I noticed that Docker 22.06 looks to slower for starting on first boot so probably we need delay container-cron start.

tredger commented 2 years ago

@olljanat. I'm testing on two hosts. One is a bare-metal host that I upgraded from 1.9.3. The other is a new VM running inside KVM that I rebuild based on the ISO everytime changes are made. Both are running v2.0.0-beta5 and both get the segfault. I only observed the container-cron issue on the bare-metal host. Both are installed with cloud-init. The cloud-init is very standard. How are you running your tests/what are you benchmarking?

olljanat commented 2 years ago

Can you share content of cloud-init from both machines? (remember remove sensitive information first).

Also where you see those segfaults?

I only observed the container-cron issue on the bare-metal host

container-cron is not enabled by default, that why I assumed that you are using some kind of cloud-init in there.

How are you running your tests/what are you benchmarking?

So far I have just quickly tested to install it as Hyper-V VM to my laptop. On work I have some tooling which is able to setup multi node swarm with iSCSI, etc stuff included which I can use later but let's figure out why you see those issues first.

tredger commented 2 years ago

The segfault is in dmesg. On bare-metal:

[520141.478863] system-dockerd[1072]: segfault at 8 ip 0000000000541d26 sp 000000c42004b308 error 4 in system-dockerd[400000+1486000]
[520141.478872] Code: cc cc cc cc 64 48 8b 0c 25 c8 ff ff ff 48 3b 61 10 0f 86 9e 01 00 00 48 83 ec 38 48 89 6c 24 30 48 8d 6c 24 30 48 8b 44 24 40 <48> 8b 48 08 48 8b 50 10 48 8b 18 48 89 1c 24 48 89 4c 24 08 48 89

On VM:

[   15.329411] system-dockerd[734]: segfault at 8 ip 0000000000541d26 sp 000000c421431308 error 4 in system-dockerd[400000+1486000]
[   15.329417] Code: cc cc cc cc 64 48 8b 0c 25 c8 ff ff ff 48 3b 61 10 0f 86 9e 01 00 00 48 83 ec 38 48 89 6c 24 30 48 8d 6c 24 30 48 8b 44 24 40 <48> 8b 48 08 48 8b 50 10 48 8b 18 48 89 1c 24 48 89 4c 24 08 48 89

And the boring cloud-init:

rancher:
  environment:
    EXTRA_CMDLINE: /init
  network:
    interfaces:
      eth*:
        dhcp: false
      eth0:
        dhcp: true
  services_include:
    kernel-extras: true
    kernel-headers: true
    container-cron: true
  state:
    dev: LABEL=RANCHER_STATE
    wait: true
ssh_authorized_keys:
- <omitted>
olljanat commented 2 years ago

And the boring cloud-init:

It is not boring as it explains the behavior. Wildcard interface names like these definitely are not supported by RancherOS/BurmillaOS implementation of cloud-init.

rancher:
  network:
    interfaces:
      eth*:
        dhcp: false

Just remove it from /var/lib/rancher/conf/cloud-config.yml (or re-install without it) and segfault issue will disappear.
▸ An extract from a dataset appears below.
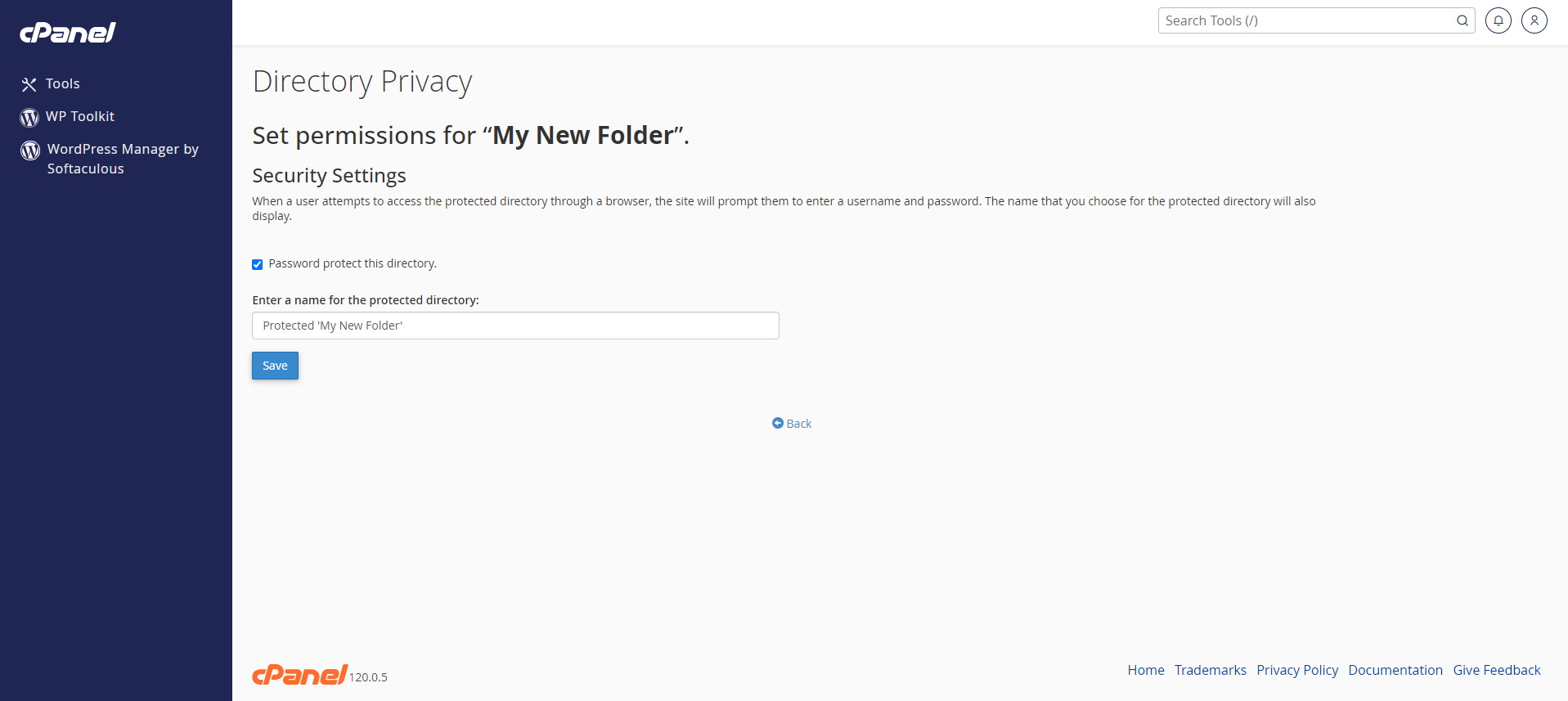 Password Protect A Directory In cPanel - Password Protect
EDIT: I just noticed that there is some mentioning about that on documentation so there must be some logic in somewhere. However this example looks to be talking about kernel parameters, not about cloud-init so maybe that makes the difference.

tredger commented 2 years ago

@olljanat I've removed the wildcard interface network config, but I still get the segfaults. How would I go about debugging this further considering it's happening in system-dockerd? I see nothing anomalous in the /var/log/system-dockerd.log. Usually i would just install auditd but if I do that in the os-console that's not going to start in time for the segfault.

Do i need to make a custom service that runs auditd? What would you suggest.

olljanat commented 2 years ago

Please boot with debug logging enabled (separate option in boot menu) and open issue about it with all details. And do that by also limiting options, so try on vm, with default cloud-init, etc until you find what triggers it as I was not able to reproduce it after took that wildcard away from config.